─── Records shown
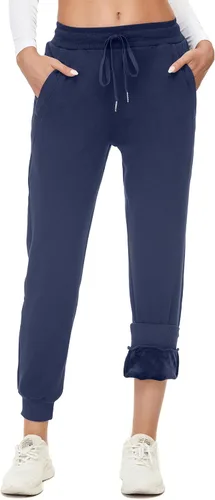 Vista 26 de MOUEEY Pantalones deportivos súper cálidos con forro de sherpa para mujer, pantalones deportivos de forro polar con bolsillos con cremallera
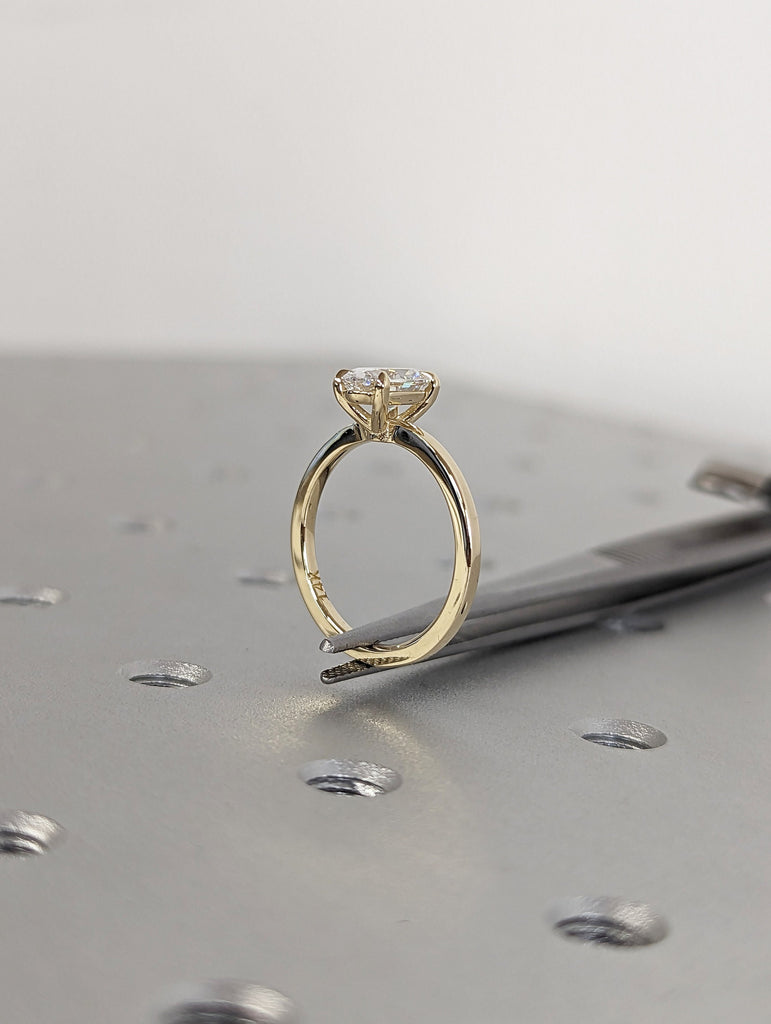 1cts Lab Diamond Oval Engagement Ring, Oval Lab Diamond and Solitaire Wedding Ring, Yellow Gold Lab Diamond Ring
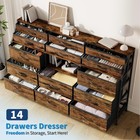 Dresser Tv Stand 14 Drawer For Bedroom Dresser Metal Frame Wood Top Open Shelf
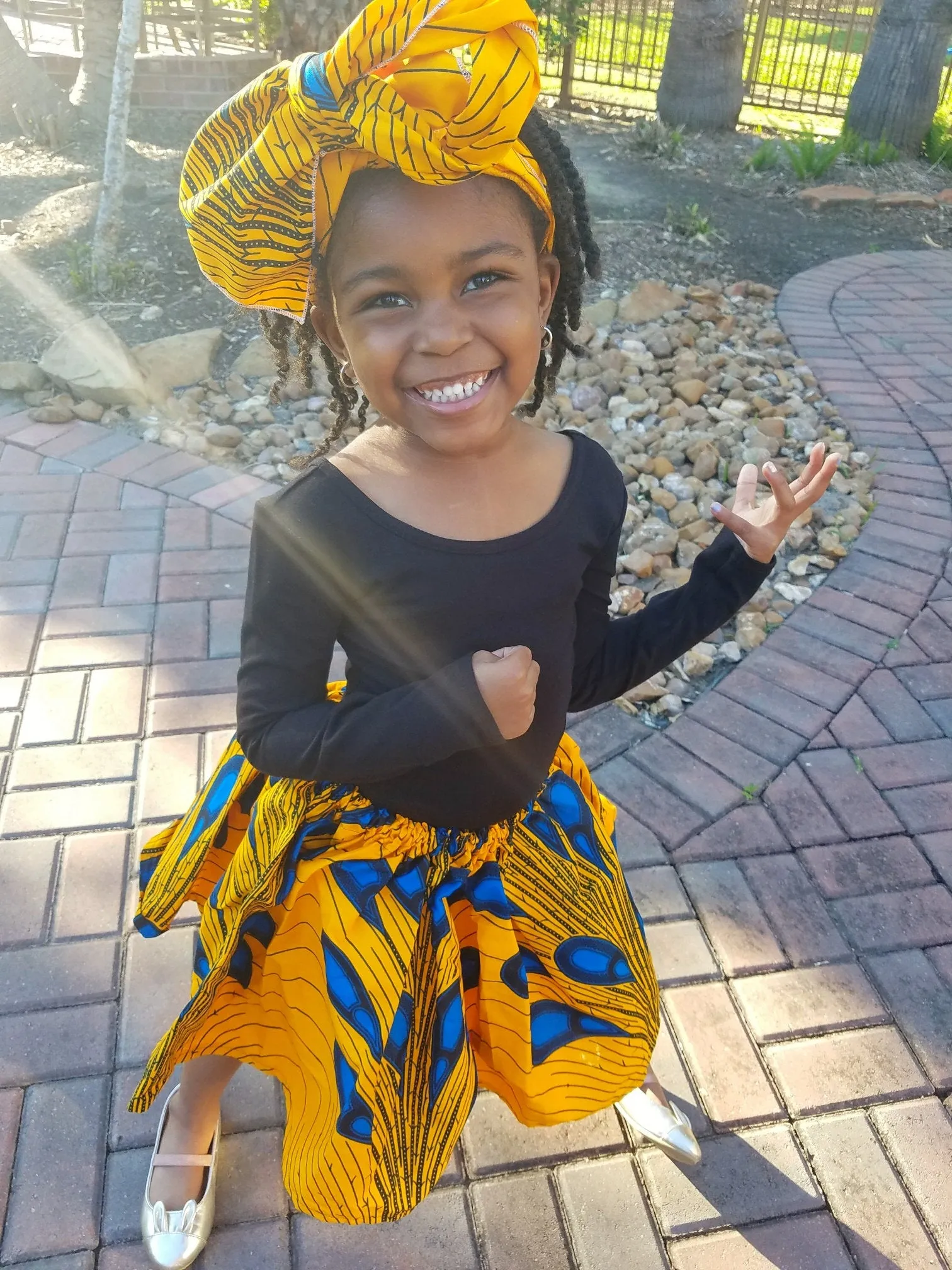 Girl’s African Skirt Set - Blue with Orange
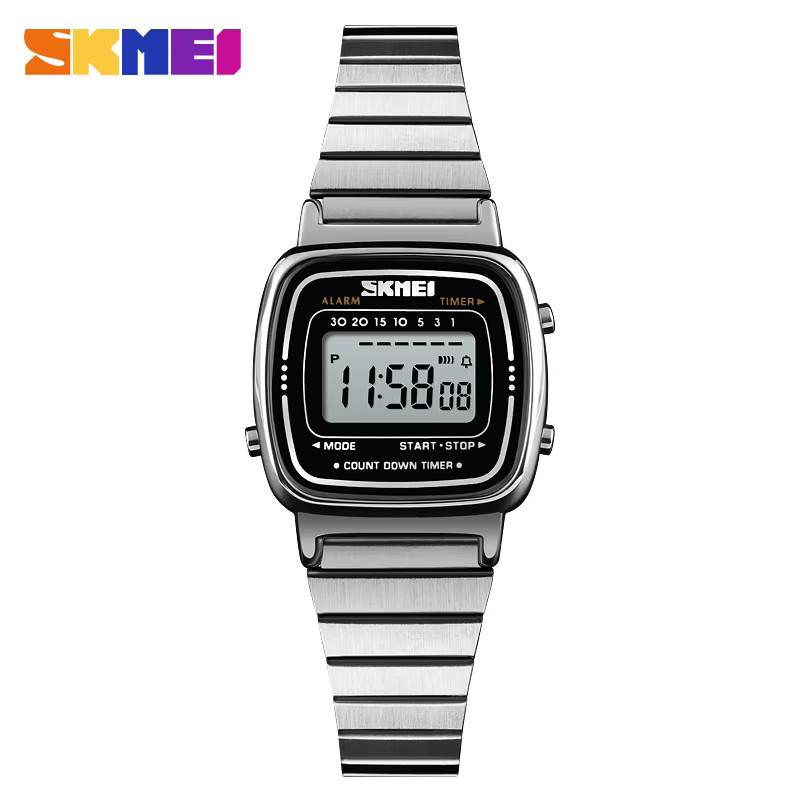 SKMEI Digitaluhr, Edelstahl, Schwarz, 3 ATM, Damen - Bild 1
──────
Exercise |
Write out exactly the lines from the one containing "1cts Lab Diamond" through the last line of the records above, both ends included, and leave out any pictures.

Output below |
 1cts Lab Diamond Oval Engagement Ring, Oval Lab Diamond and Solitaire Wedding Ring, Yellow Gold Lab Diamond Ring
 Dresser Tv Stand 14 Drawer For Bedroom Dresser Metal Frame Wood Top Open Shelf
 Girl’s African Skirt Set - Blue with Orange
 SKMEI Digitaluhr, Edelstahl, Schwarz, 3 ATM, Damen - Bild 1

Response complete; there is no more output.